Any idea on why this is not working well?

My brain’s a little mush at the moment and so looking at your code, I can’t really see what the issue is but I believe I did exactly what you’re trying to do — resume after a certain number of steps using the latents from a previous run.

My notebook with that functionality is here — what you need is the get_noise method which is passed the latents from a previous run which was interrupted after 10 - 20 steps. Maybe it’ll help you figure out what might be going wrong with your code?

If you do, please let me know since I’d like to know :slight_smile: I’ll take a look later after my brain has had a chance to recover …

1 Like

Thanks.

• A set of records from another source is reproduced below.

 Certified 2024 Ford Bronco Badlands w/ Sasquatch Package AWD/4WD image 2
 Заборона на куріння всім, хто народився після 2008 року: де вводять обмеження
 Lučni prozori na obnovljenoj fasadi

I’ll go through the code & check.

BTW: I’m super impressed with how you are doing diff-edit.
I didn’t think of that trick before :slight_smile:
Gonna try that as well :slight_smile:

Thank you :slight_smile: I got stuck on the mask generation though and then I’ve been sidetracked for the last couple of days doing other stuff. But I guess every bit you learn helps, right?

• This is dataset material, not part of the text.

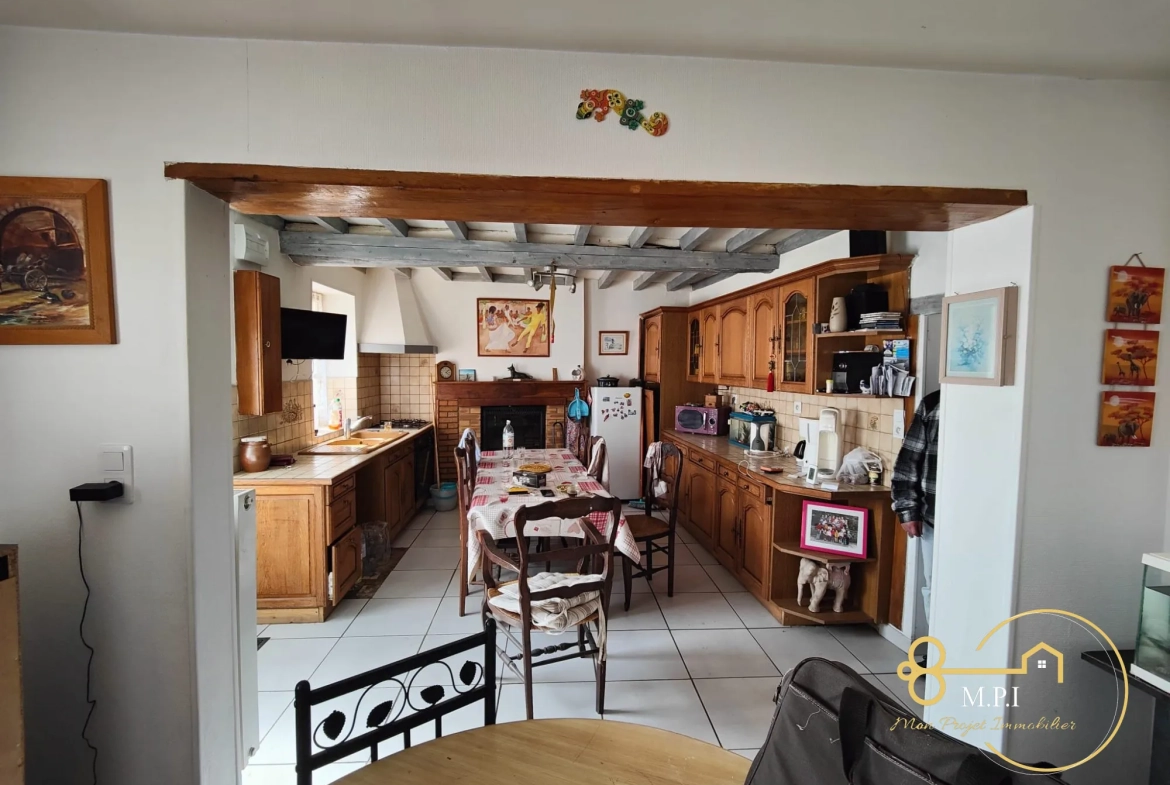 À vendre maison à Sées de 75 m² avec jardin et dépendance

Somebody else had gotten the mask part done and they were kind enough to share the notebook here and so I’m thinking of trying that out … maybe tomorrow?

Let me know how you get on with this and if it helps. Hope it does!

1 Like

I got fixed my issue with some testing:

Had to change the steps as shown below.

Cool! Glad you got it sorted :slight_smile:

1 Like

It works, but not sure why we need to do such :slight_smile:

The changes you made were to change steps to 49 and resume_step to 26 right? What if you just made resume_step 26 only? Does it still work? Or do you need both changes?

Nope. It had to be steps - 1 all the times. 26 makes sense. Cause, we already completed the 25th step.

Yep, 26 makes sense. That was why I was wondering about the 49. I don’t know why it has to be 49 and not 50 … But then again, I’m not looking at the code and am simply going by values. Should probably look at the code …

But have you tried changing the stop_at_step value to see what happens? For example, if you change that to 20 do you still have to set steps to 49 for the resume run?

This would do nothing right?

Maybe I misunderstood, but I thought setting steps to 49 instead of 50 was what fixed the issue you were seeing, right? I was just curious as to why it had to be 49 and couldn’t be 50 and was wondering if that was due to the number of steps remaining. So if you change the stop_at_step to 20, then for the next run you’d have resume_at set to 21 and if now steps works with 50 (instead of 49), then you know that the number of steps has something to do with the issue, right?

Just wondering since you mentioned that you have no idea why it works at steps set to 49 and not 50 … But maybe I misunderstood?